» Task brief:
Your answer must be the exact lines below, starting with the line with "een stapel handdoeken" and going on through the line with "Photo of Decorator's", both included, with no pictures.

***** Exercise data

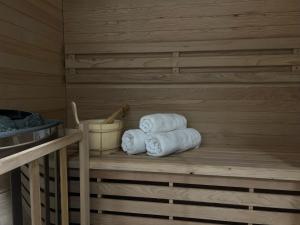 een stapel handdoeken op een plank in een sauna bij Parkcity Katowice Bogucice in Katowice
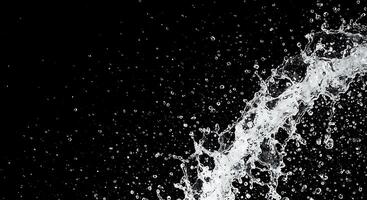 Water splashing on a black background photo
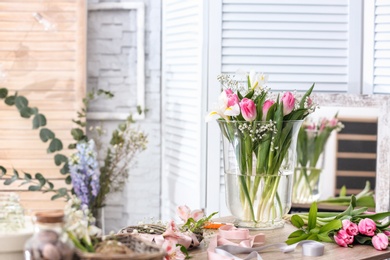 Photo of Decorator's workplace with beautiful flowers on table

**********
***** Exercise data

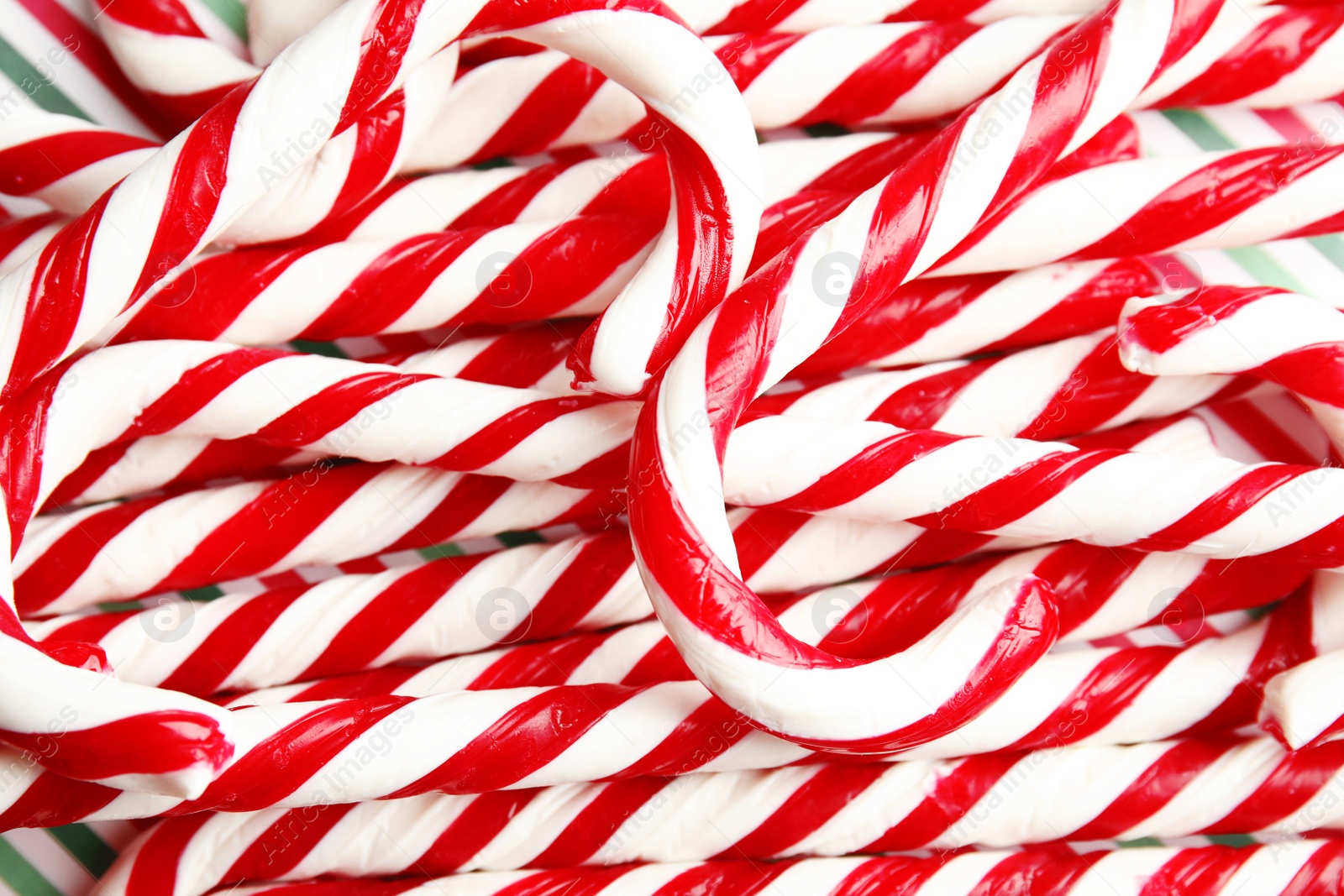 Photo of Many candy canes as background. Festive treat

**********
***** Exercise data

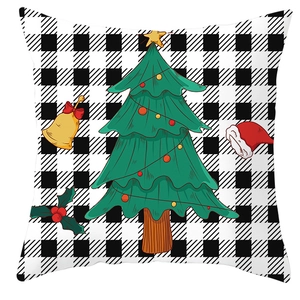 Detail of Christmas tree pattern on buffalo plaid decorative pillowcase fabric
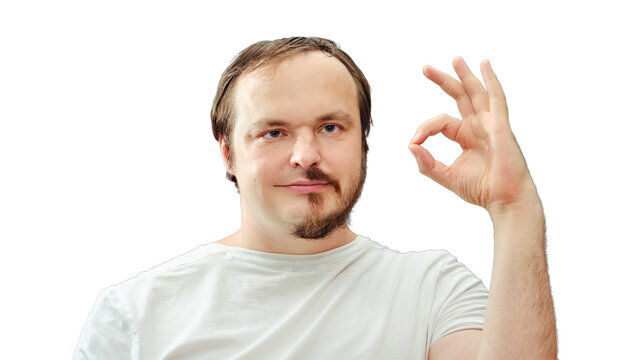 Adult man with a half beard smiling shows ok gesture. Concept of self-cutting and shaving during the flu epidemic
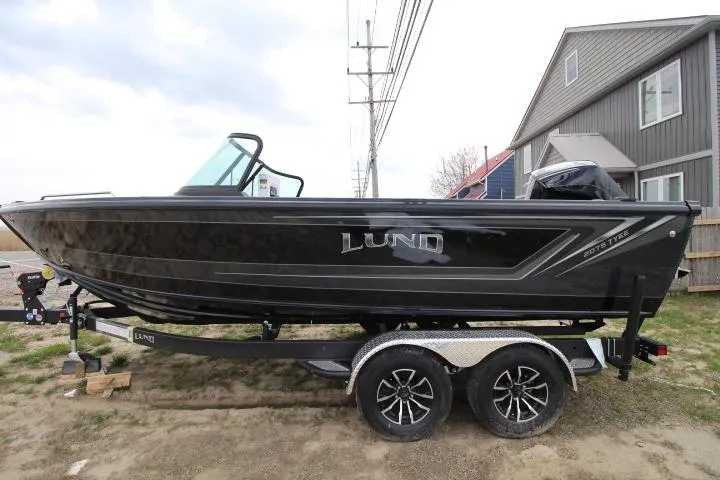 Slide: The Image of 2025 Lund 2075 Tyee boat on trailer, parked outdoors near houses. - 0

**********

» Solution for this exercise:
 een stapel handdoeken op een plank in een sauna bij Parkcity Katowice Bogucice in Katowice
 Water splashing on a black background photo
 Photo of Decorator's workplace with beautiful flowers on table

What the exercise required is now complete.